A crux for me whether property X is sufficient is whether the operator could avoid getting accidentally manipulated. (A corrigible assistant would never intentionally manipulate, but if it satisfies property X while more directly optimizing Y, it might accidentally manipulate the humans into doing some Y distinct from human values.) I feel very uncertain about this, but it currently seems plausible to me that some operators could successfully just use the assistant to solve the safety problem in earnest, and then shut down the original AGI.
Corrigibility is doing a ton of heavy lifting in this picture. Humans obviously wouldn’t approve of daemons, so your AI would just try really hard to not do that.
I’m a bit confused about how “corrigibility” is being used here. I thought it meant that the agent doesn’t resist correction, but here it seems to be used to mean something more like trying to only do things the overseer would approve of.
I thought we called the latter being “approval-directed” and that it was a separate idea from corrigibility. Am I confused?
Oops, I think I was conflating “corrigible agent” with “benign act-based agent”. You’re right that they’re separate ideas. I edited my original comment accordingly.
If X is “be a competent, catastrophe-free, corrigible act-based assistant”, it’s plausible to me that an AGI trained to do X is sufficient to lead humanity to a good outcome, even if X doesn’t capture human values. For example, the operator might have the AGI develop the technology for whole brain emulations, enabling human uploads that can solve the safety problem in earnest, after which the original AGI is shut down.
Being an act-based (and thus approval-directed) agent is doing a ton of heavy lifting in this picture. Humans obviously wouldn’t approve of daemons, so your AI would just try really hard to not do that. Humans obviously wouldn’t approve of a Rubik’s cube solution that modulates RAM to send GSM cellphone signals, so your AI would just try really hard to not do that.
I think most of the difficulty here is shoved into training an agent to actually have property X, instead of just some approximation of X. It’s plausible to me that this is actually straightforward, but it also feels plausible that X is a really hard property to impart (though still much easier to impart than “have human values”).
A crux for me whether property X is sufficient is whether the operator could avoid getting accidentally manipulated. (A corrigible assistant would never intentionally manipulate, but if it satisfies property X while more directly optimizing Y, it might accidentally manipulate the humans into doing some Y distinct from human values.) I feel very uncertain about this, but it currently seems plausible to me that some operators could successfully just use the assistant to solve the safety problem in earnest, and then shut down the original AGI.
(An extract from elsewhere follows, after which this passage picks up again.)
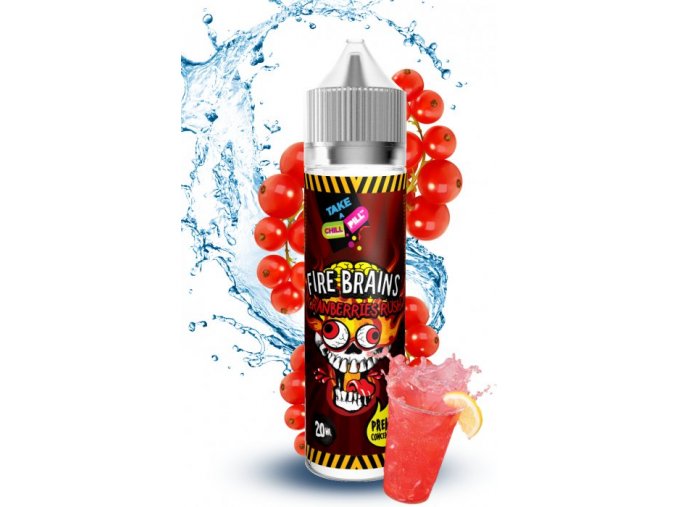 Příchuť Chill Pill Shake and Vape Fire Brains 12ml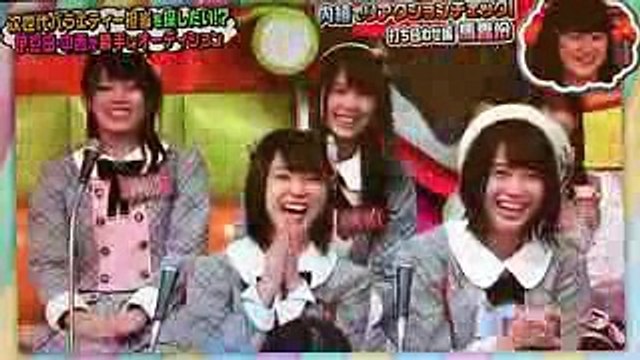 AKBINGO！AKB48チームBの台湾留学生メンバー　馬 嘉伶　次世代バラエティー班　こっそりオーディション（ドッキリ）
I’m a bit confused about how “corrigibility” is being used here. I thought it meant that the agent doesn’t resist correction, but here it seems to be used to mean something more like trying to only do things the overseer would approve of.
I thought we called the latter being “approval-directed” and that it was a separate idea from corrigibility. Am I confused?
Oops, I think I was conflating “corrigible agent” with “benign act-based agent”. You’re right that they’re separate ideas. I edited my original comment accordingly.